== PROVIDED ENTRIES ==

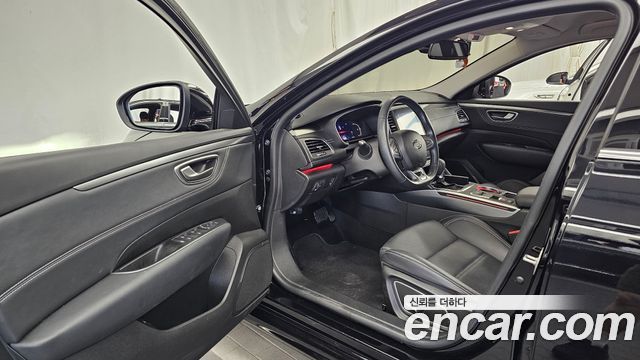 Renault Korea SM6 1.3 TCe Feel 2023 — фото 10
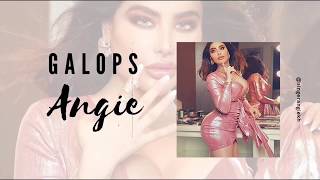 Angie Khoury - Galops ( Official Audio 2020 ) | انجي خوري - غالوبس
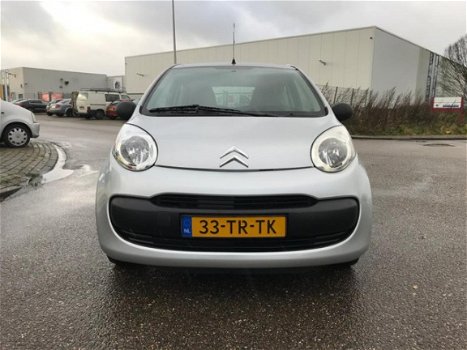 Citroën C1 - 1.0-12V Séduction Apk, Nap, zeer netjes - 1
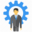 p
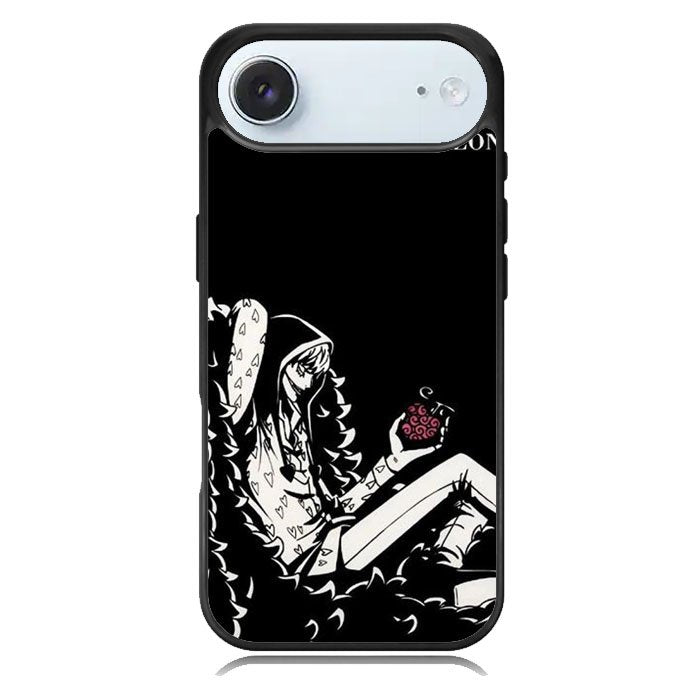 Corazon BWiPhone 17 Air Case OV0060
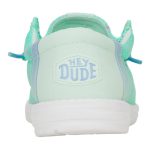 Wally Party Mesh - Pool Blue/Bay Blue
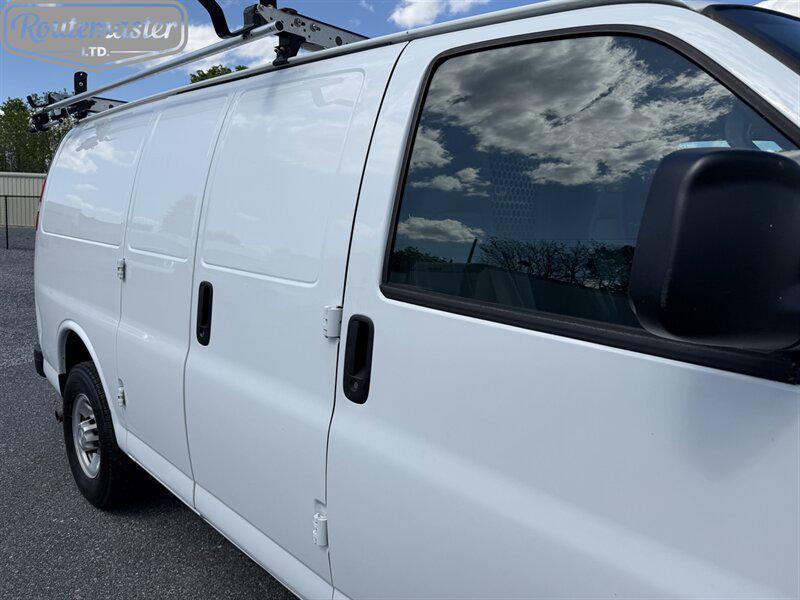 used 2017 Chevrolet Express 2500 car, priced at $18,500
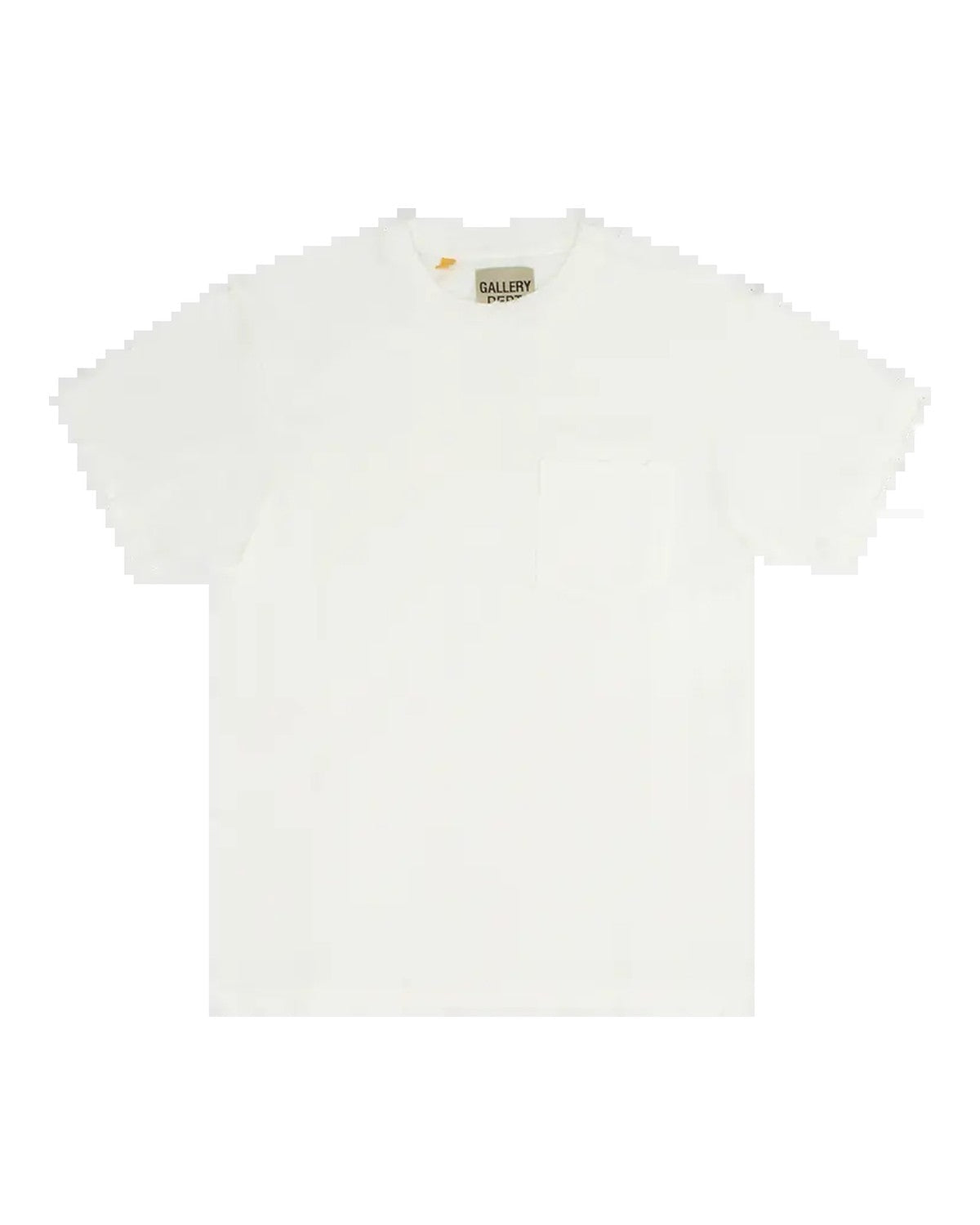 Plain Vintage Pocket Tee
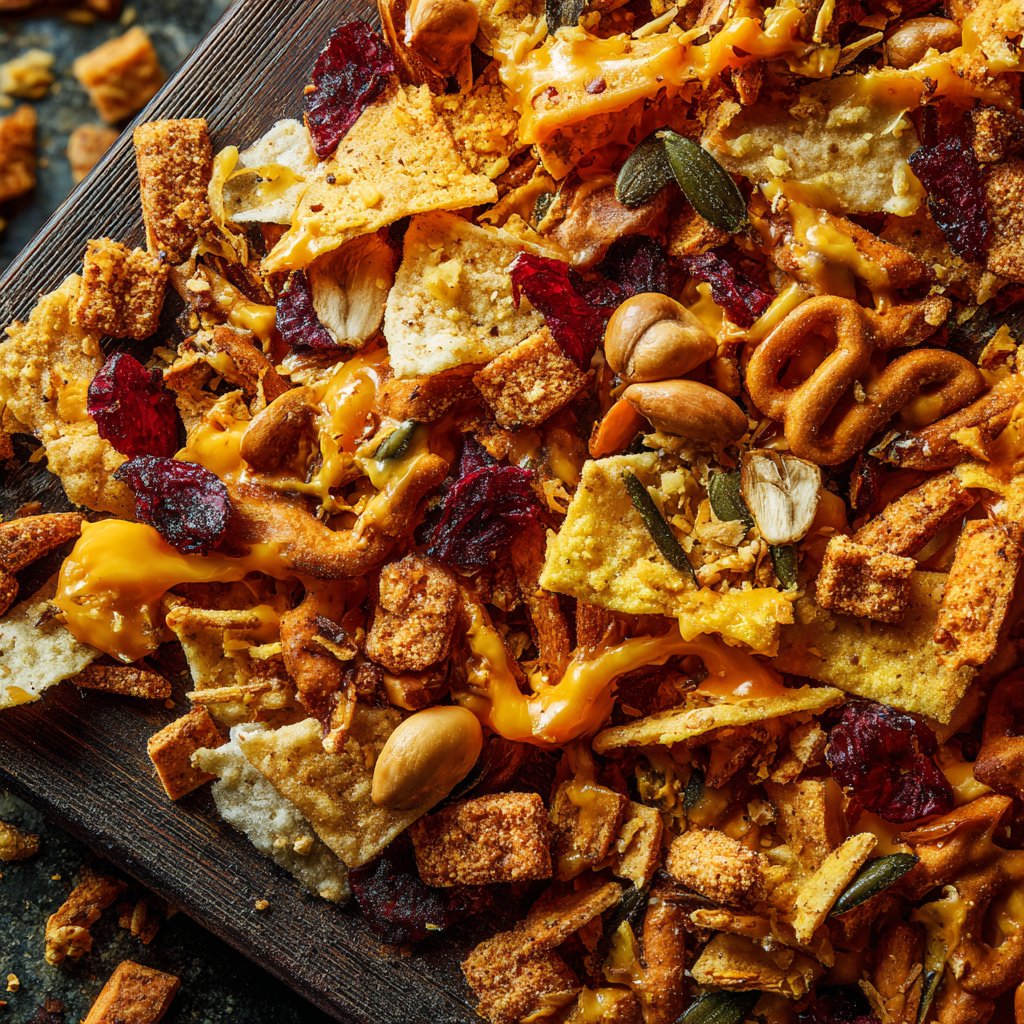 Superbowl Party Food Snacks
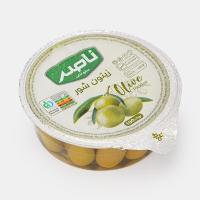 زیتون شور بدون هسته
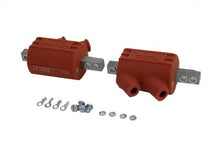 Load image into Gallery viewer, Dyna 6 Volt 1-1/2&quot; Ohm Dual Fire Coil 0 /  Special application for dual plug heads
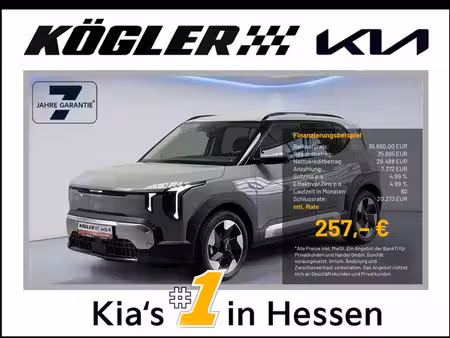 Kia EV2 Earth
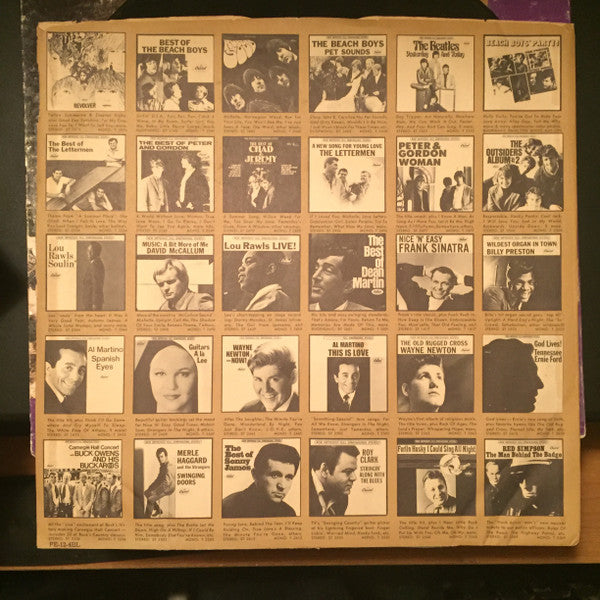 Wanda Jackson - Reckless Love Affair - LP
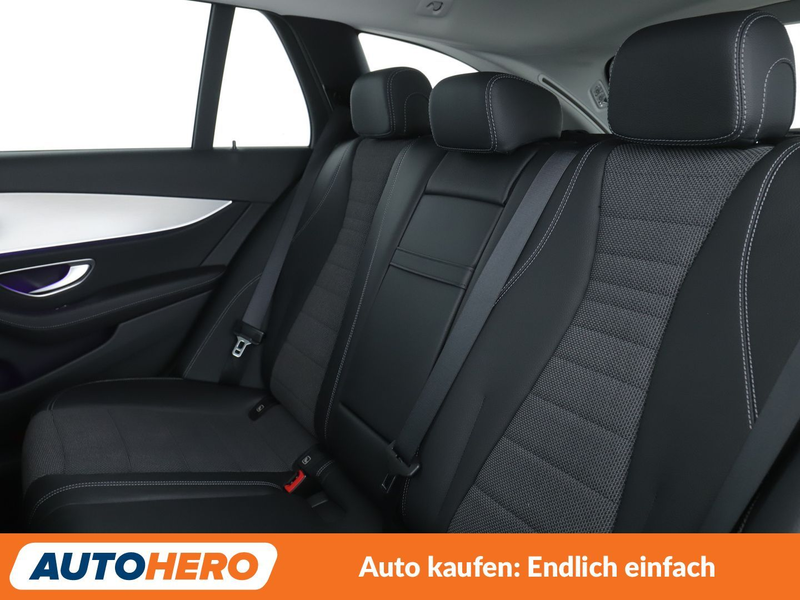 Mercedes-Benz E 220 E 220 d Mild-Hybrid T Avantgarde Aut.*NAV*TEMPO* — photo 14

===

**YOUR GOAL**
Give back the entire listing verbatim, without the pictures.

**RESPONSE FOR THIS EXERCISE**
 Renault Korea SM6 1.3 TCe Feel 2023 — фото 10
 Angie Khoury - Galops ( Official Audio 2020 ) | انجي خوري - غالوبس
 Citroën C1 - 1.0-12V Séduction Apk, Nap, zeer netjes - 1
 p
 Corazon BWiPhone 17 Air Case OV0060
 Wally Party Mesh - Pool Blue/Bay Blue
 used 2017 Chevrolet Express 2500 car, priced at $18,500
 Plain Vintage Pocket Tee
 Superbowl Party Food Snacks
 زیتون شور بدون هسته
 Load image into Gallery viewer, Dyna 6 Volt 1-1/2&quot; Ohm Dual Fire Coil 0 /  Special application for dual plug heads
 Kia EV2 Earth
 Wanda Jackson - Reckless Love Affair - LP
 Mercedes-Benz E 220 E 220 d Mild-Hybrid T Avantgarde Aut.*NAV*TEMPO* — photo 14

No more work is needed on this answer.